BEGIN

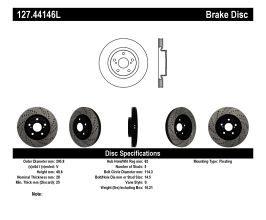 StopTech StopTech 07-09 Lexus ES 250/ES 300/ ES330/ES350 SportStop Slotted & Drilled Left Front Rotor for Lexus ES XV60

END
BEGIN

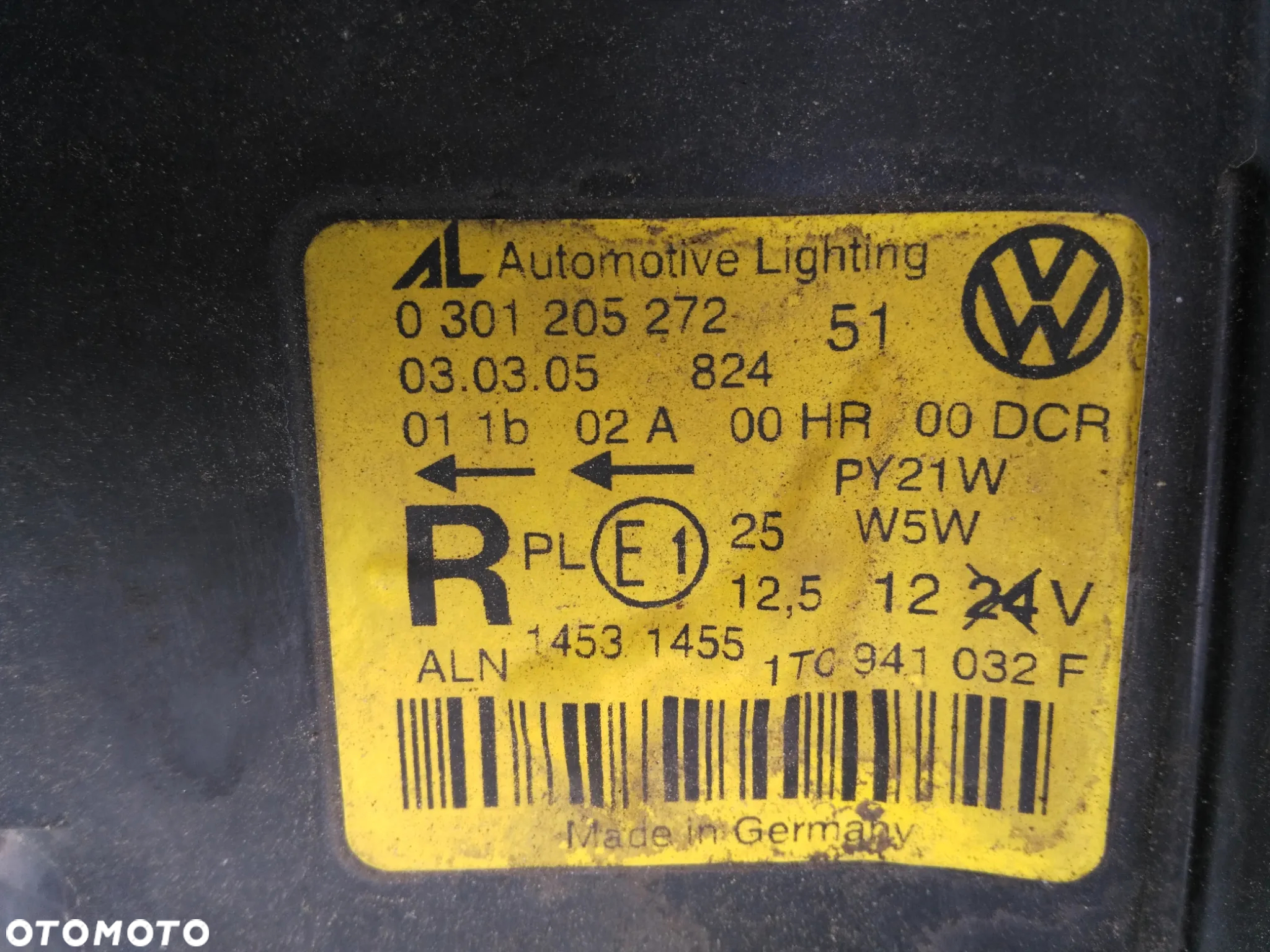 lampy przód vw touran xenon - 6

END
BEGIN

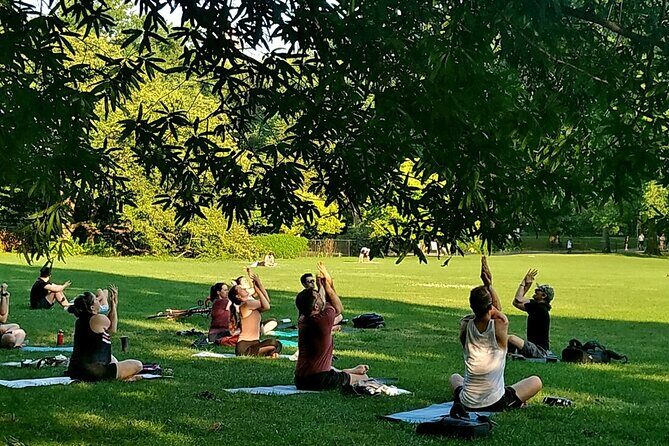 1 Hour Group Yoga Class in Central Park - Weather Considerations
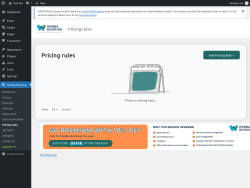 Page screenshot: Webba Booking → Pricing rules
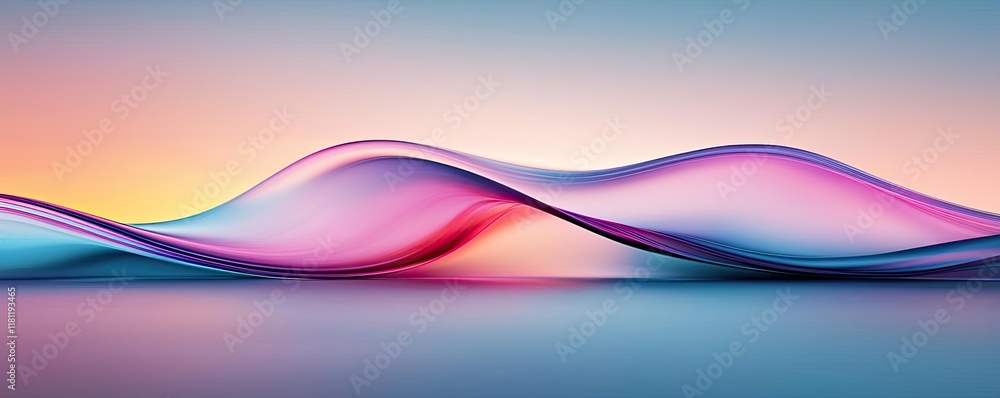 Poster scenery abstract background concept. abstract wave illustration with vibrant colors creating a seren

END

* _What is expected_: Starting with the line that contains "Page screenshot: Webba" and finishing with the line that contains "Poster scenery abstract", reproduce every line of the material above exactly, but not the pictures.

* _Finished exercise_:
 Page screenshot: Webba Booking → Pricing rules
 Poster scenery abstract background concept. abstract wave illustration with vibrant colors creating a seren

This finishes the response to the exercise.